なお、人名を原文のラテン語のままでいえば、本作の題名は『アルトゥルスの甥ワルウアニウスの成長』[2][3]である。

作品の成立[編集]

中世ラテン語『ガウェインの成長』は、14世紀初期の写本が唯一残されている。ブルース(J. D. Bruce)やルーミス (Roger Sherman Loomisは、作中に登場する服装や船舶の様式から、物語の成立は、それより早い13世紀だとみる[1] 。
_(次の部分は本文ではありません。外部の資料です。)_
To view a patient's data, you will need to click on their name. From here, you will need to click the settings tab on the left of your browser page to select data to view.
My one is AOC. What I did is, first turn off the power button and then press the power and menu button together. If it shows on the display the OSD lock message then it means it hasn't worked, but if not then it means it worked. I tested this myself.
しかし成立以前よりすでに広く読まれていたジェフリー・オブ・モンマスの『ブリタニア列王伝』から古様式の描写を借用した可能性もあり、揺るがない論考とは言えない[1]

16世紀、ジョン・ベイルが著した英文学総覧は、この物語の作者をモン・サン・ミシェルで1154年から1186年まで大修道院長であったロベール・ド・トリニー(仏 Robert de Torigny)だと断じている。ロベールが著者という傍証は、これ以外になにもなく、成立時期も一般にはこの人物の死後と推定されている。だが少なくともこれと似通った教養と趣味関心をもつ聖職者が執筆したことは間違いなかろう[1]
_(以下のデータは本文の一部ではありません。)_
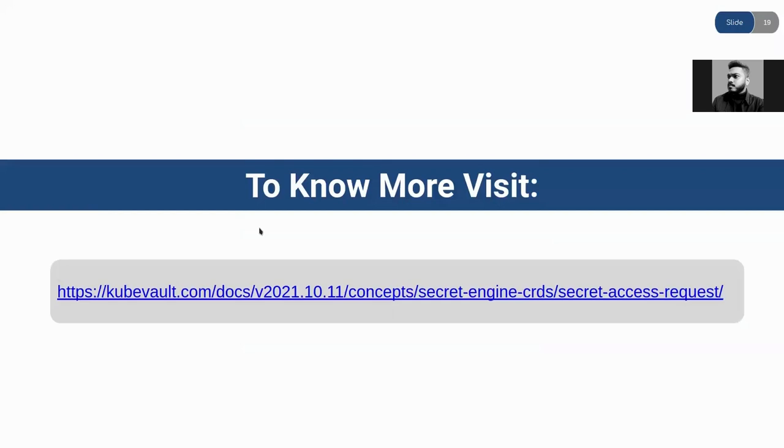If you want to know more about SecretAccessRequest or KubeVault in general, feel free to follow the following URL. Thank you.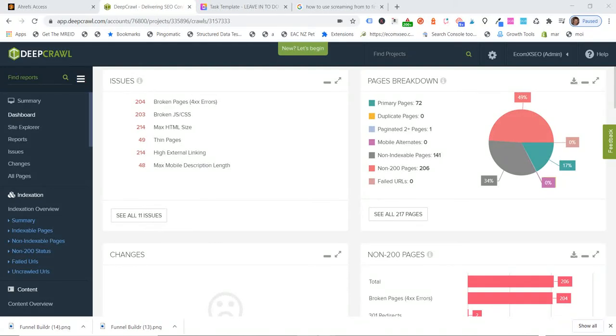Hey guys, Jonny here from EcomX SEO, broken links on Shopify stores. They're a real pain, but really easy to fix.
『ガウェインの成長』と同じ作者は、ほかにもラテン語『メリアドク物語』(羅 Historia Meriadoci; 英 The Story of Meriadoc)を著したとされている[4]

あらすじ[編集]

出生[編集]

ウーゼル王の御世、ウーゼルの娘アンナはオークニーのロット王と恋に落ち、結婚前だというのに妊娠してしまう。これはまずい、とアンナは生まれてきた子供に「ワルウアニウス Waluuanius すなわちガウェイン」と名づけると、エメラルドの認印指輪(シグネットリング)と、子供の素性を証明する手紙を書き、商人に預けることにした。商人の船は無事にガリアナルボンヌの近くに入港したが、そのとき船に残された赤ん坊を、通りすがりの漁師が連れ去ってしまう。この漁師はウィアムンドゥス(Viamundus、「世の道」[5])という名前で、識字能力もあったのでアンナの手紙を読み、ガウェインを自分の子供として育てることにした。ただ、アンナの手紙には、その子に本当の素性を打ち明けてはならない、と書かれていたため、漁師からはとうとう名前を付けてもらえず、単に「少年」とか「名無しの少年」(羅 Puer sine Nomine; 英訳 Boy with No Name)と呼ばれることになる。

ローマ篇[編集]

7年後、ウィアムンドゥスは「少年」をローマで扶養することにし、ローマへ向かった。「少年」とともに着服した財宝は、それまで使う勇気がなかったが、このときとばかりと奮起して、それをつかって相応の身なりとお供をととのえ、ガリアの貴族を騙った。そしてみごとローマ帝国にとりいり、軍人として栄達、さらには皇帝と教皇の友人となった。のち、少年が12歳の時ウィアムンドゥスは重病にかかってしまう。死の淵でウィアムンドゥスは皇帝に「少年」の指輪と手紙を渡し、「少年」の出生を説明すると、皇帝はいつの日か少年を彼の叔父であるブリタニアのアーサーに送ることを約束するのだった。これ以降、皇帝が少年の養父となることになる。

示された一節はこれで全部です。